Records to process START

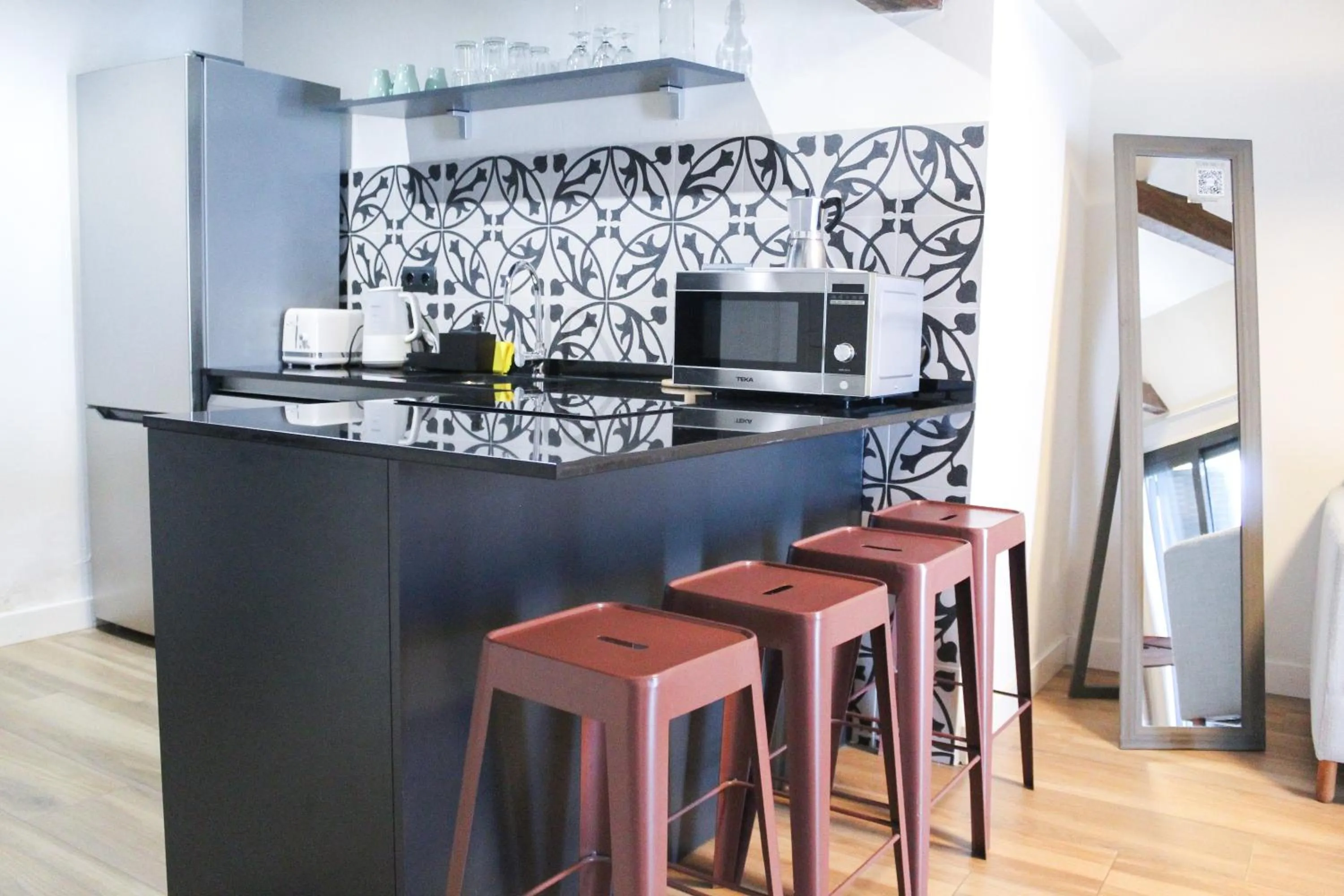 minibar in Aqua Apartments Málaga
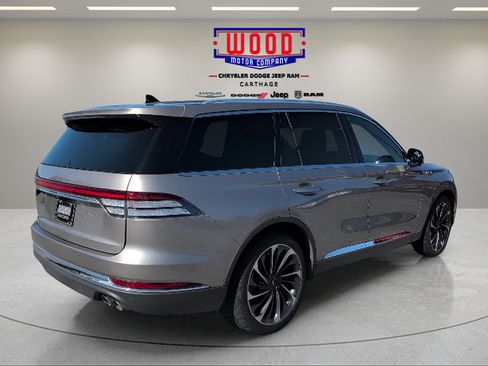 Used 2021 Lincoln Aviator Reserve w/ Equipment Group 202A AWD/4WD image 3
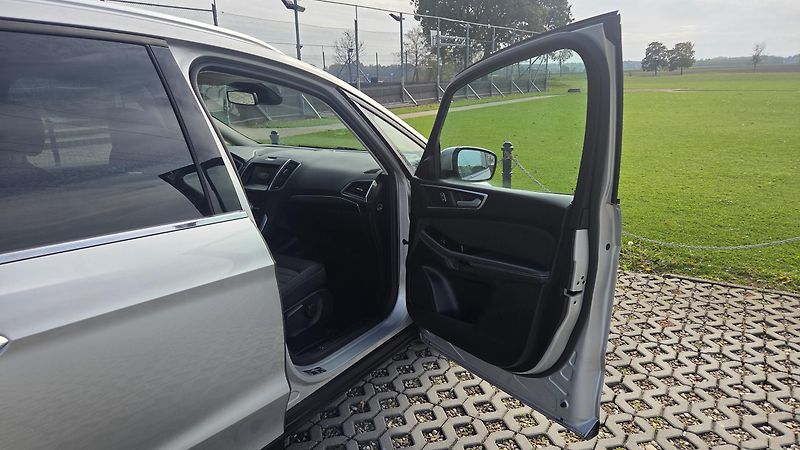 Ford Galaxy (2023) 2.0 EcoBl 110kW AT TITAN DPH - fotka 11 z 36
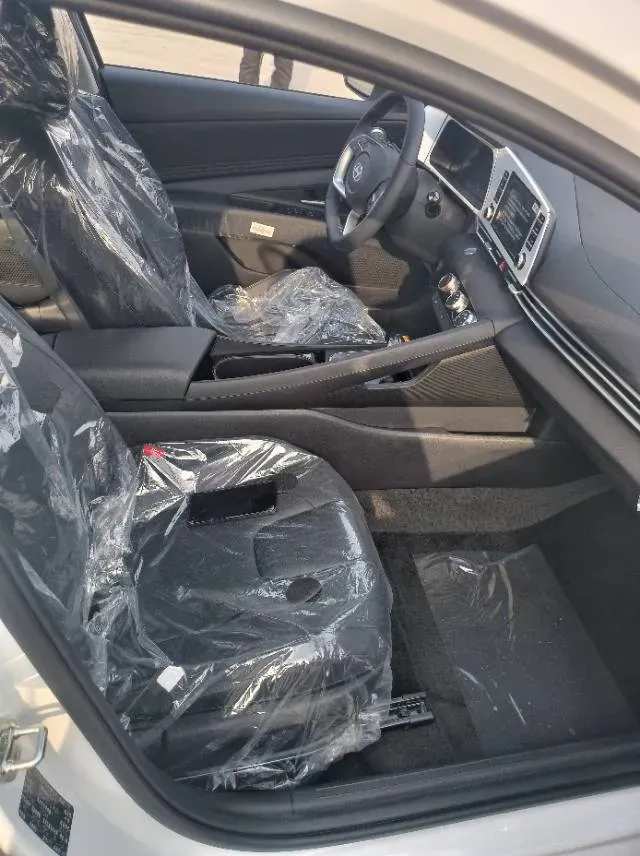 2023 Hyundai Elantra 1.5L 115HP L4 CVT,autocango,china used car exporter,china ev exporter,chinese used car exporter,chinese used ev exporter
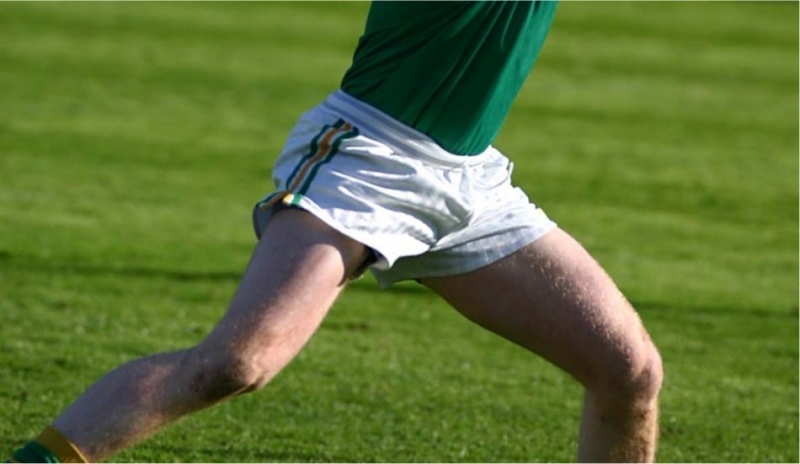 Fotografie muže běžícího po trávníku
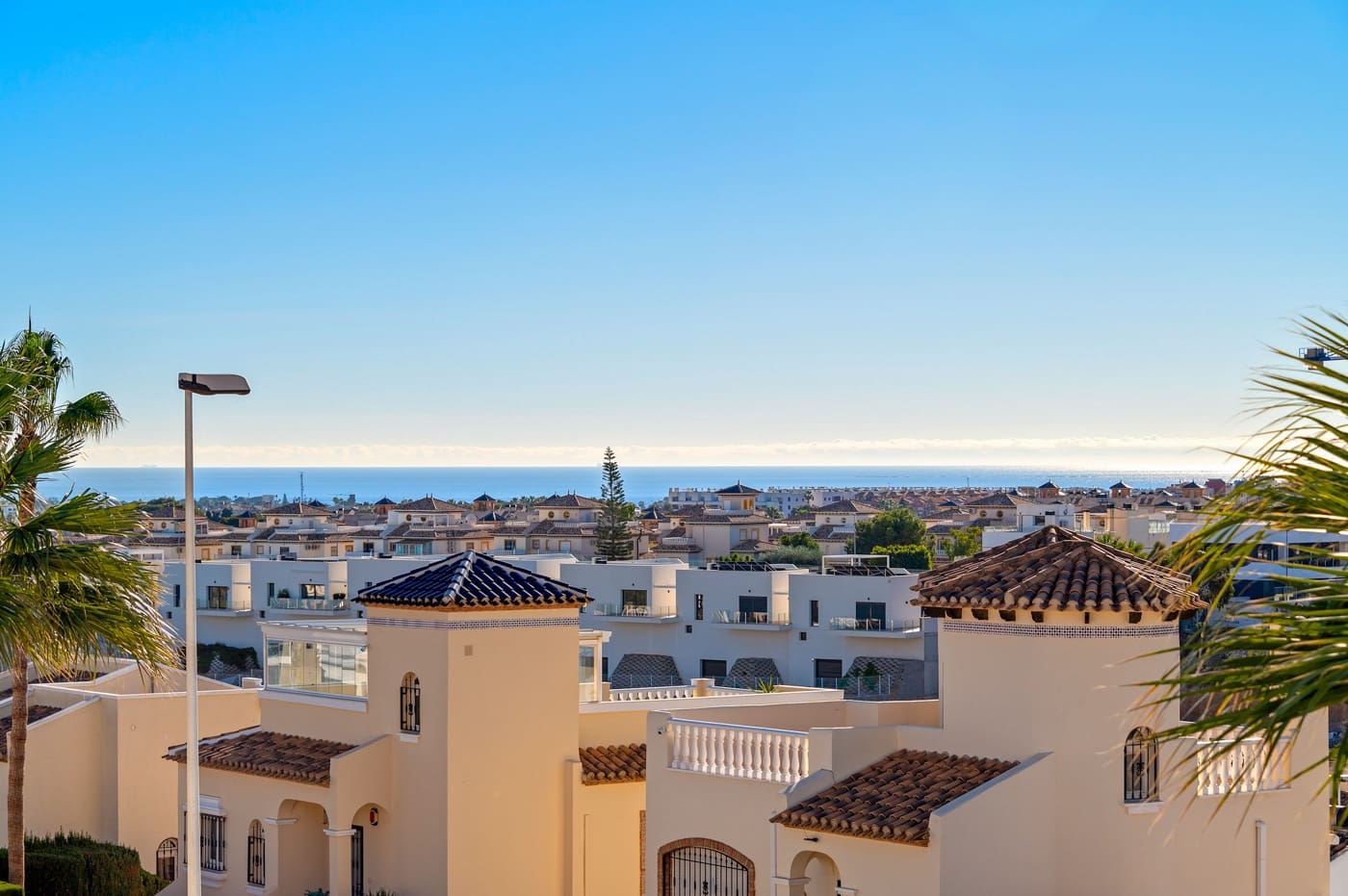 3 makuuhuone Huvila myytävänä paikassa Orihuela Costa mukana uima-altaan - 475 000 € (Ref: 9446199)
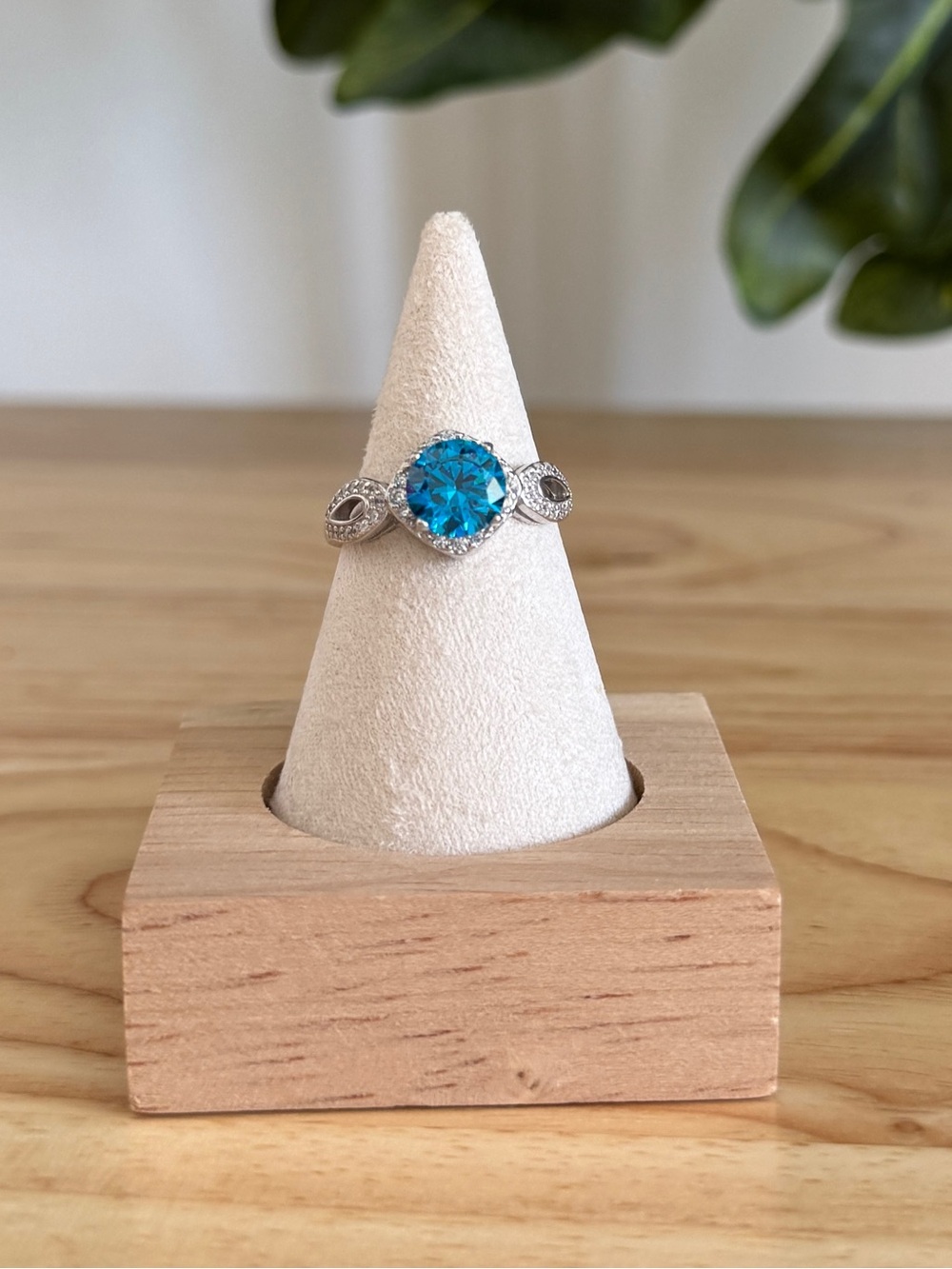 Ryze Party Coastal Crush CZ Ring .925 Sterling Silver Size 8 Blue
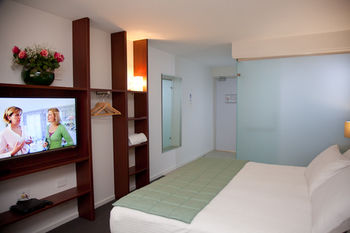 Grand Hotel Wyong - Accommodation Mt Buller 7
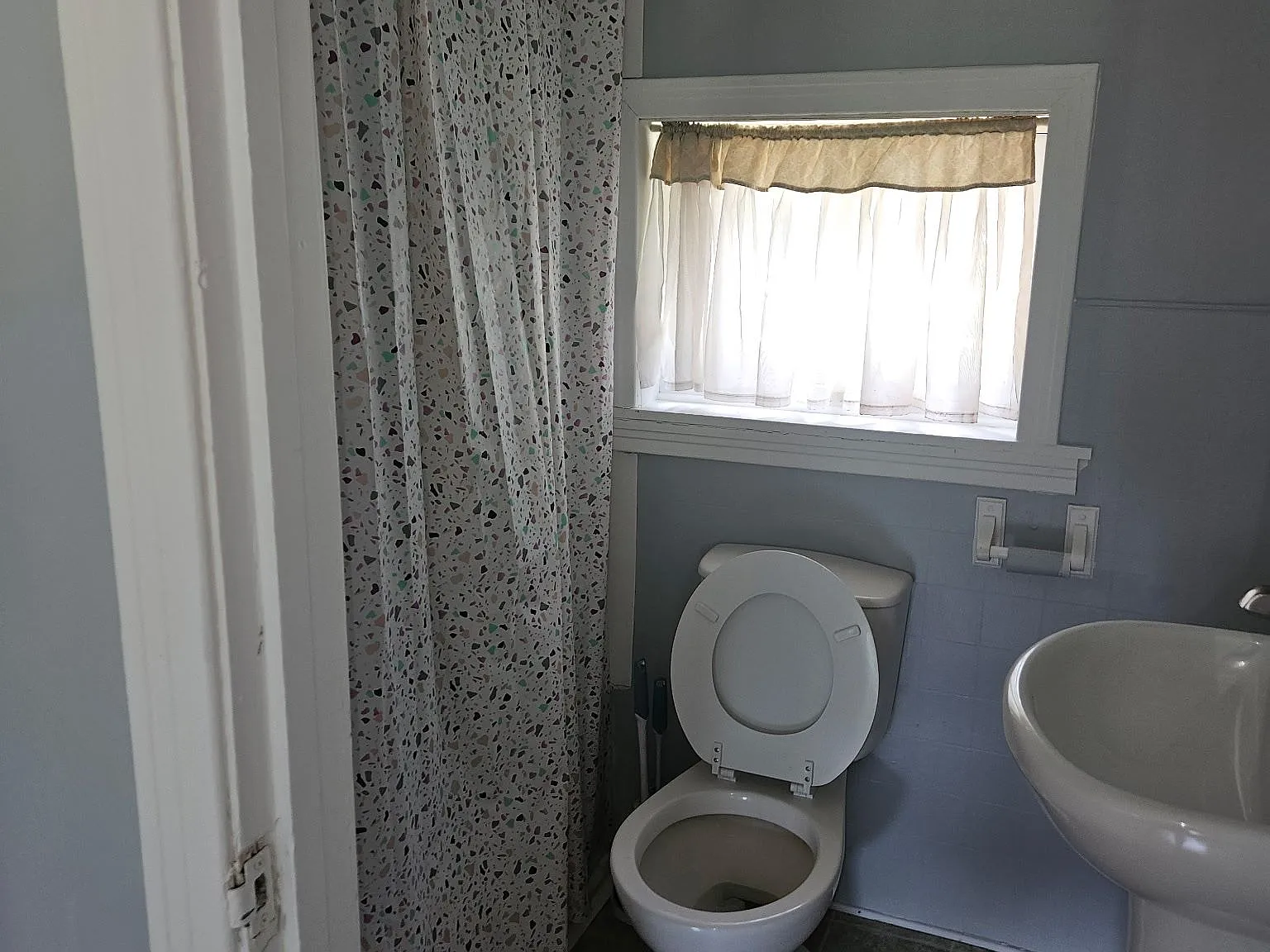 2 bed, 1.0 bath, 700 sqft, $850 — Photo 4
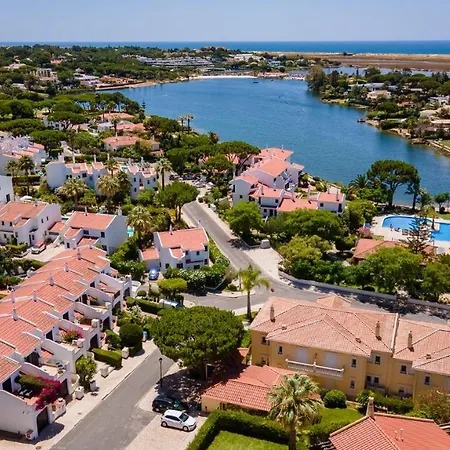 3 Bed Lakeside Village Quinta Do *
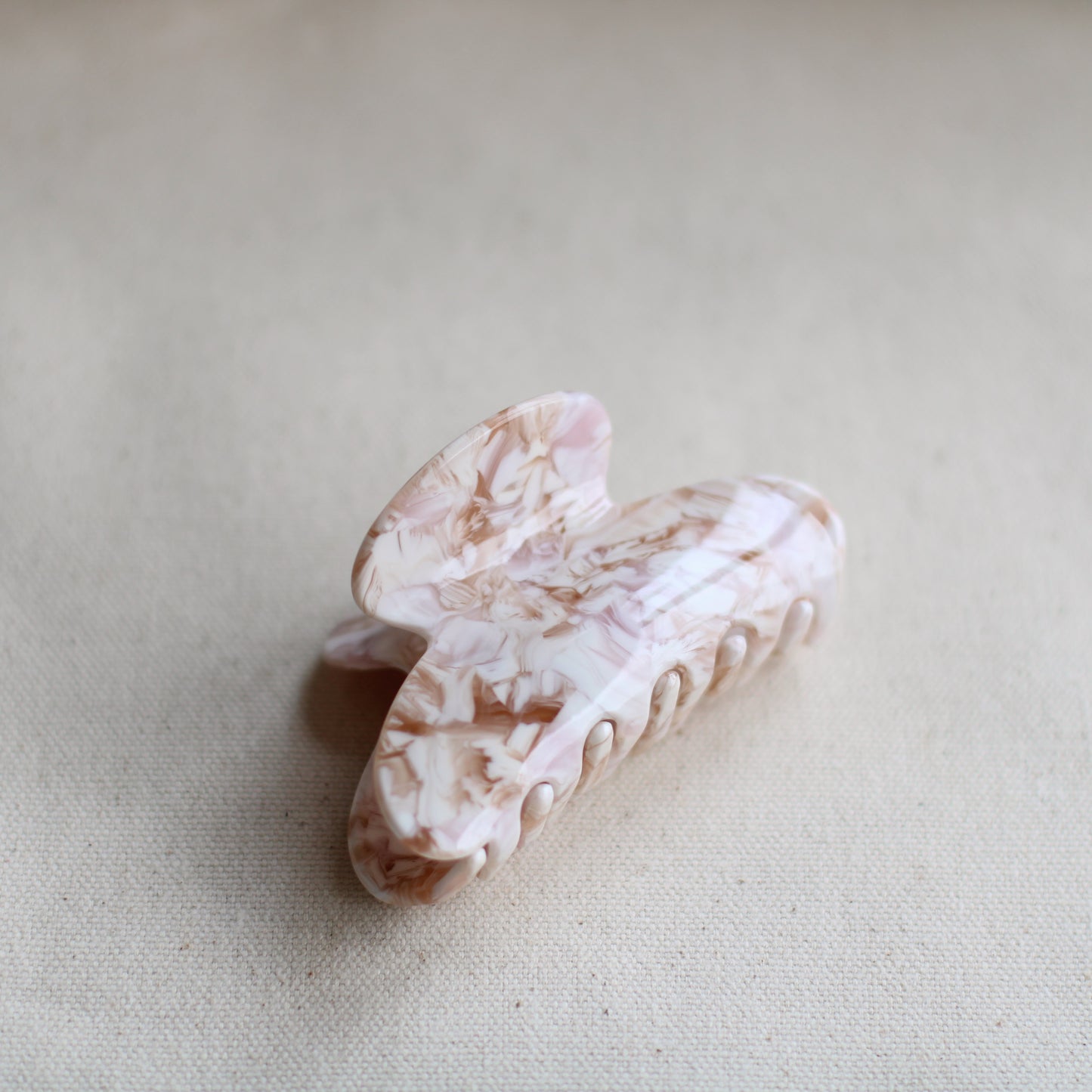 Anarchy | Neutral & Pale Pink Marble Clip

Records to process END

§ **Work request**: Reproduce the lines from the one holding "2 bed, 1.0 bath, 700 sqft, $850 — Photo 4" through the end of the entries above exactly, keeping both ends and dropping every picture.

§ **Written reply**:
 2 bed, 1.0 bath, 700 sqft, $850 — Photo 4
 3 Bed Lakeside Village Quinta Do *
 Anarchy | Neutral & Pale Pink Marble Clip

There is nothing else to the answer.